Suplicó un timbre distinto y más persuasivo. ¿Podía un chiquillo articular un
sonido tan delicado, tan vaporoso?
Sus ojos
enrojecidos empezaban a quedarse sin lágrimas. Ensució sus pantalones. Tiritaba
de miedo mientras su mirada buscaba frenética algo a lo que señalar, algo a lo
que llamar culpable, un soporte para su horror que le apaciguase aunque fuera
levemente.
“No quieres
jugar”. Se oyeron palabras marchitas arrastrándose unas detrás de otras.
–Quiero…
–consiguió musitar, atenazado por el terror– ir con mi mamá… –se echó al suelo,
notando sus excrementos blandos corriéndole por la pierna. Comenzó a llorar,
las risas no cesaban.
“Puedes ir con
tu mamá, pero tienes que acordarte de la canción de tu cajita. Nosotros
coleccionamos canciones. Si nos la cantas, podrás volver. Sólo se puede fallar
una vez, ¿vale?”. Dijo un tono distorsionado que parecía ensayar una suerte de felicidad
muerta, como si no hubiera acabado de entender en qué consistía aquel
sentimiento.
Tras unos
minutos más de llanto el niño se sorbió los mocos y aceptó agotado, porque por
más que llorase no lograba despertar.
Se levantó,
ignorando la suciedad de su ropa y olvidando el tacto de su propia piel.

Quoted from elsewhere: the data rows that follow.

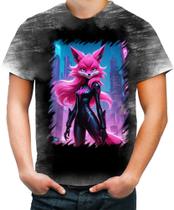 Camiseta Desgaste Raposa Humanóide Vaporwave 2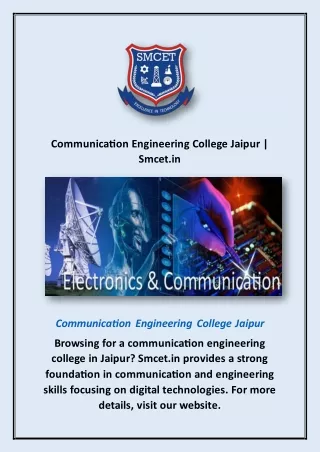 Communication Engineering College Jaipur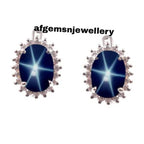 Lindy Star Earrings in 925 Sterling Silver Blue Star Sapphire Earrings for Women's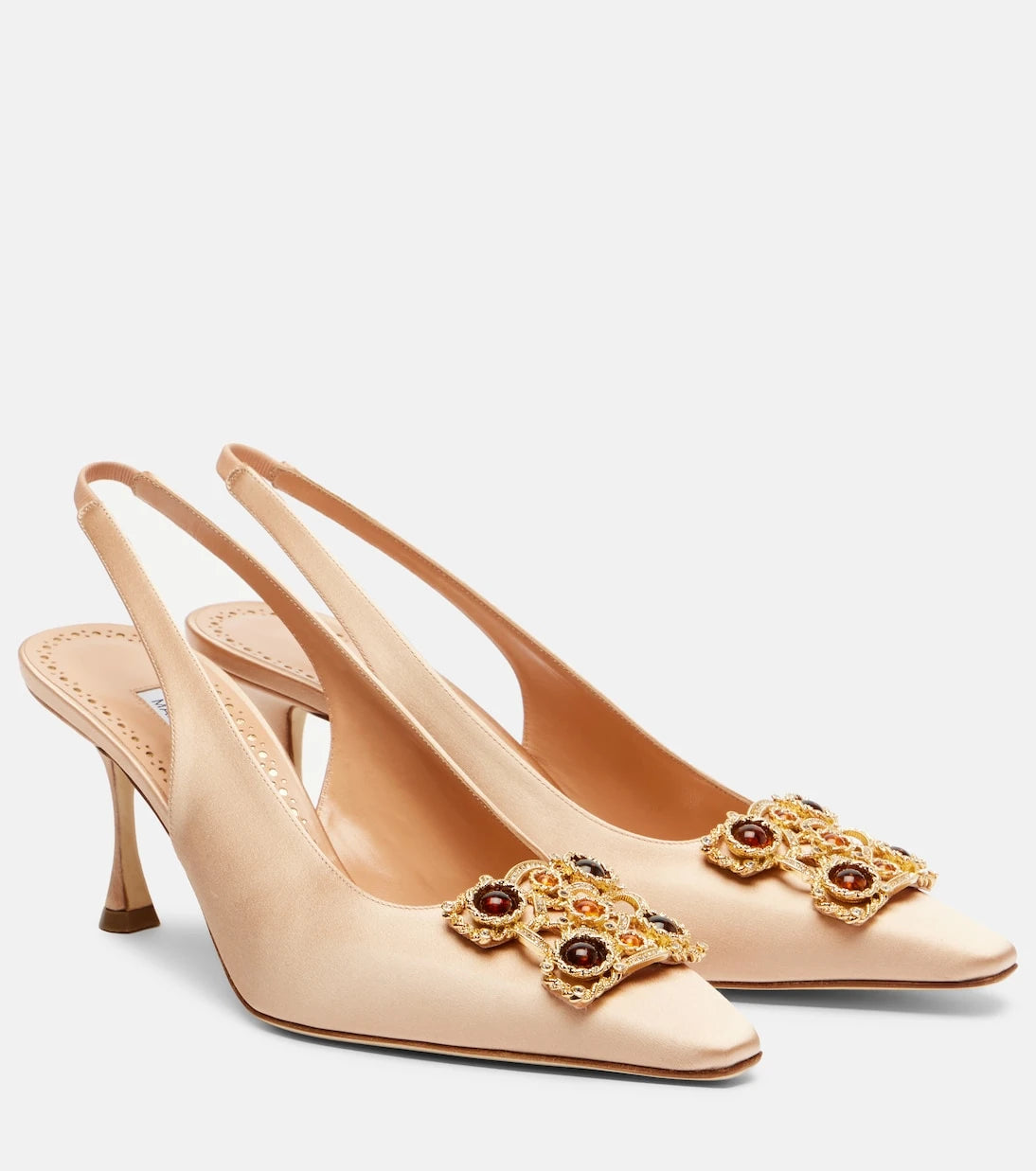 Manolo Blahnik - Cupida 70 embellished satin slingback pumps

Comenzó a cantar tímidamente lo que recordaba.
Y ellos a su vez
comenzaron a cantar, en un coro trastornado y sin concierto, otra melodía
distinta que no hacía sino distraerle.
Y se
manifestaron a sus ojos.
Remolinos de tinieblas
a carboncillo se agruparon dando forma a las vagas siluetas de cuerpos de niños.

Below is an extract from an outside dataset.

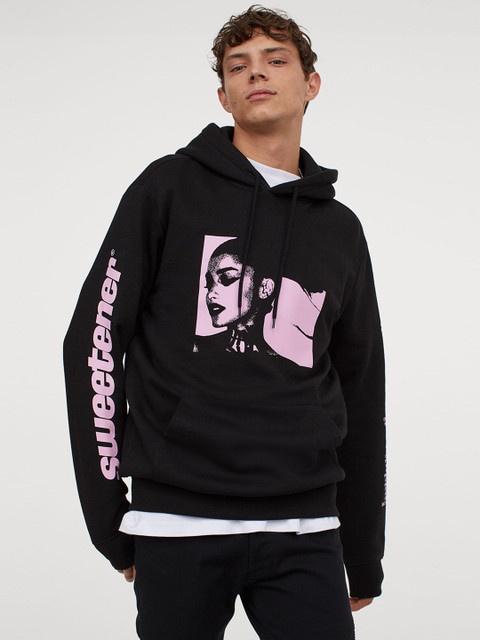 

H&M Men Black Printed Hoodie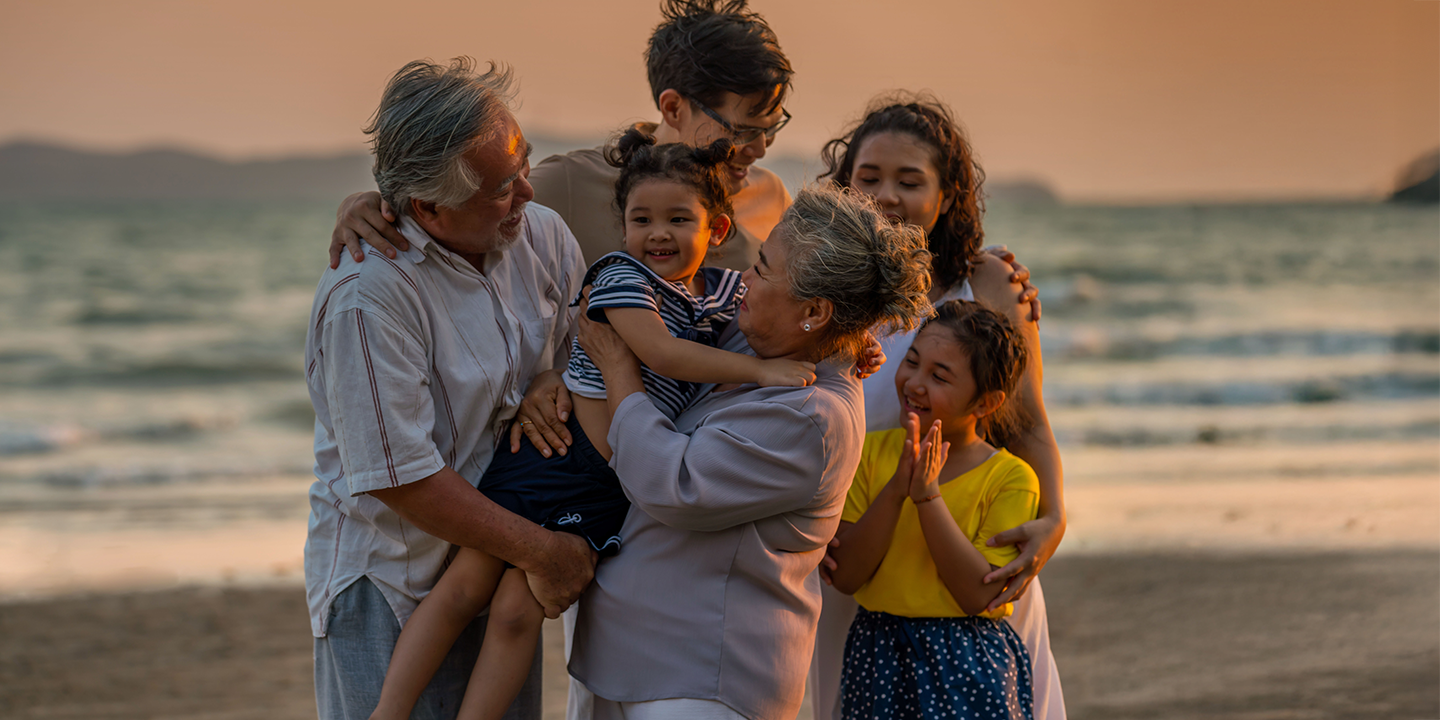 Happy family on the beach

Parecía que el viento barría la sombría materia de la cual estaban hechos sin
llegar nunca a socavarla. Aparentaban moverse con dificultad, mediante breves
sacudidas, espasmos y vibraciones, y no obstante se desplazaban rápido. Las
nubes sobre ellos se abrieron a un círculo de la más pura oscuridad en tenue
contraste con el ocaso que parecía no poder morir.
Se equivocó en
una nota.
Y absolutamente
todo se detuvo.
Las nubes rígidas
le observaban juzgándole desde lo alto, el viento se quebraba a cada movimiento
del pequeño, los sonidos rotos estaban ahí sólo cuando sus oídos se cruzaban en
su camino como si las ondas se hubieran descosido del espacio, paralizadas. Y esas
muecas hechas de penumbra que eran los rostros de los niños se habían
enquistado en la existencia.
“Recuerda”. Esta
voz no tenía más dueño que el mundo mismo, y no tenía más modulación que la de
la tristeza más cansada. Rompía las notas sostenidas en el aire con su avance, esclavizaba
el valor y succionaba cualquier atención.
Todo comenzó de
nuevo cuando el niño volvió a intentar reproducir la secuencia de esa caja de
música que ni siquiera sabía si tenía. Tarareaba sin cesar. Cerró los ojos y
estalló en un llanto que le estorbaba al cantar. Pero siguió haciéndolo
aterrorizado. Sus ojos ya no veían nada, sólo notas bailando ante él, notas que
tenía que repetir una y otra vez.
Siguió cantando.
Siguió cantando
cuando su habitación volvió a convertirse en su realidad.
Siguió cantando
cuando sus padres entraron en medio de la noche alertados por aquella melodía
que no cesaba.
Siguió cantando
con la voz ronca cuando le examinó el médico.
Nunca jamás
dejaría de cantar, aunque fuese en un susurro.
Si osaba parar,
volvería allí para siempre. Lo sabía.